Wednesday, July 30, 2008

What Lies Underneath Van Gogh


In case anyone didn't know, my absolute favorite painter is the earless Vincent van Gogh. My girlfriend just got me a mug with one of van Gogh's self-portraits on it, and when you fill it with hot liquid, the ear disappears! It is hilarious! Anyway, whenever I go to the Met, I have to make homage to the Impressionist / Expressionist wing where I can see some of his stuff. So I get excited anytime he's in the news--which is rare. And right now, due to advances in X-Ray technology, he is! I just read the following:

Hidden Van Gogh revealed in color by scientists

Wed Jul 30, 11:33 AM ET

Scientists have made a colored view of an early rejected painting underneath Vincent van Gogh's 'Patch of Grass' painting, using advanced X-ray techniques, a Dutch university said on Wednesday.

The very detailed image shows the face of a woman and may give art historians a better understanding of the way Van Gogh developed as a painter.

"It is estimated that one third of Vincent van Gogh's early paintings have been painted on top of existing ones. Van Gogh literally recycled his own canvasses," scientist Joris Dik of the Delft University of Technology said.

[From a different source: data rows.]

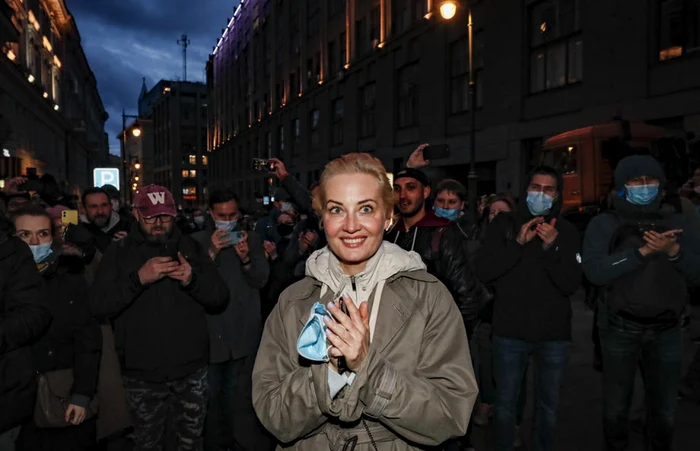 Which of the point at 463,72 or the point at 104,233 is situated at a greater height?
the point at 463,72

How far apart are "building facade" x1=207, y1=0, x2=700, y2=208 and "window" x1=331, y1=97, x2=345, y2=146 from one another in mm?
101

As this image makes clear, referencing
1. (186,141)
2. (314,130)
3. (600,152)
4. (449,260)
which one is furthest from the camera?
(186,141)

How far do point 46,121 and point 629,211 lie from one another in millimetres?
38725

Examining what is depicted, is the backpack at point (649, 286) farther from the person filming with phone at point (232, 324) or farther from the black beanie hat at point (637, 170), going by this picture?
the person filming with phone at point (232, 324)

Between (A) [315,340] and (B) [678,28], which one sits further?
(B) [678,28]

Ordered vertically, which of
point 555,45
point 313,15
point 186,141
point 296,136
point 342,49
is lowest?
point 555,45

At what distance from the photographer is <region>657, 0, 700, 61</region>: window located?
12297 mm

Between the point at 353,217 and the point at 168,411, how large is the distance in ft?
9.38

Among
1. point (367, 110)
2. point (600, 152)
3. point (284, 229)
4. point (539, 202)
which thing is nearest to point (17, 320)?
point (539, 202)

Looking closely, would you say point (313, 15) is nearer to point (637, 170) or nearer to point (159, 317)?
point (637, 170)

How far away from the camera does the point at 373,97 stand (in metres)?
26.2

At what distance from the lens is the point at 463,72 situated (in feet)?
64.0

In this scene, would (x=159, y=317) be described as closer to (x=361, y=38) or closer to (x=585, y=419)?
(x=585, y=419)

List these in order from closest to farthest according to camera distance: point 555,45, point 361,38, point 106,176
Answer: point 555,45
point 106,176
point 361,38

Conventional X-ray techniques give a colorless, partial view of the hidden painting and only show vague contours of a person behind 'Patch of Grass', the university said.

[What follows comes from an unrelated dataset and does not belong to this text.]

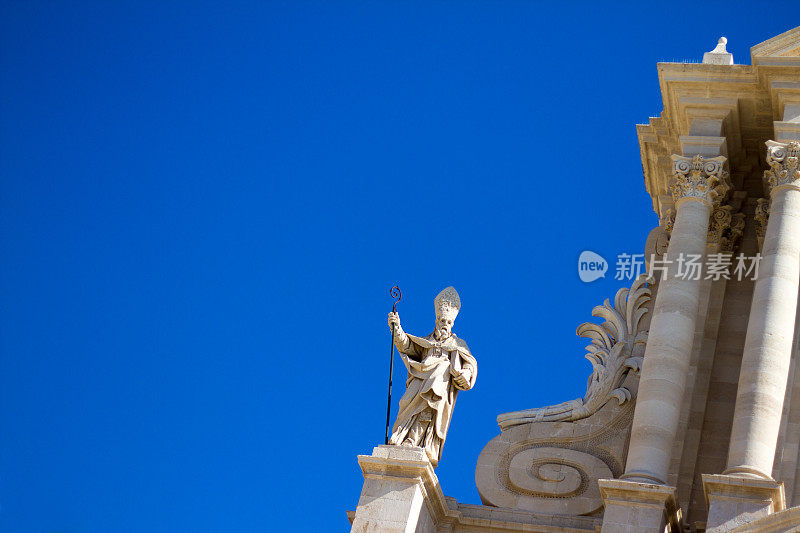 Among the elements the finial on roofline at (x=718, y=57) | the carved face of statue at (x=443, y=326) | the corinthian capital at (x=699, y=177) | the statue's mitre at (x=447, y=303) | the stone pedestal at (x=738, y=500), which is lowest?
the stone pedestal at (x=738, y=500)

By recycling his work Van Gogh painted many layers over the original painting but the scientists managed to scan all the different elements in those layers of the relevant area with X-ray fluorescence.

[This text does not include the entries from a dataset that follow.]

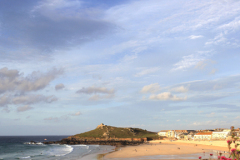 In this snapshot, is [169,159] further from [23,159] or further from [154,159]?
[23,159]

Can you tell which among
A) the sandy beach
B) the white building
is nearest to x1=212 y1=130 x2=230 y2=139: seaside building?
the white building

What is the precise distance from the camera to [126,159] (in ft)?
203

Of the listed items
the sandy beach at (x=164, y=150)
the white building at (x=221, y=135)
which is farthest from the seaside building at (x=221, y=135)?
the sandy beach at (x=164, y=150)

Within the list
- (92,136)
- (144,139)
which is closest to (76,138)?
(92,136)

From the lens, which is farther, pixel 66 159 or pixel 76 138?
pixel 76 138

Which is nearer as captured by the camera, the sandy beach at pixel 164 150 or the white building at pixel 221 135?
the sandy beach at pixel 164 150

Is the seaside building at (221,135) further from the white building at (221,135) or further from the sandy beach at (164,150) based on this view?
the sandy beach at (164,150)

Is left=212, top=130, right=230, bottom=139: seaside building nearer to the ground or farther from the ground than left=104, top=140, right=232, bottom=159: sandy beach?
farther from the ground

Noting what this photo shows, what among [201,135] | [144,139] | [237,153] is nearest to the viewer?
[237,153]

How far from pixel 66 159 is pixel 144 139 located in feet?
379

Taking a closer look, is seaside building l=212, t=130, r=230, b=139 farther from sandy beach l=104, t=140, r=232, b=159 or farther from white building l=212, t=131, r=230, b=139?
Result: sandy beach l=104, t=140, r=232, b=159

"We can make a virtual 3-dimensional model of the painting and start to peel off all the layers one by one. Then we get a nice detailed view of the hidden face," Dik said.

Van Gogh painted 'Patch of grass' in 1887 in Paris and it hangs in the Kroller-Muller museum in the Dutch eastern city of Otterlo.

(Reporting by Tineke van der Struik, editing by Paul Casciato)

I've reused a few of my own canvases--oh, by the way, I paint (more for therapeutic purposes than anything--every academic needs a non-academic hobby). The underlying image resembles much of his early work in which he depicts Dutch peasant life with dark colors, before he met the Parisian impressionists (you can see this on the reverse side of his most famous self-portrait (both sides on display at the Met). I'm excited to find out what they'll discover under 1/3 of his paintings!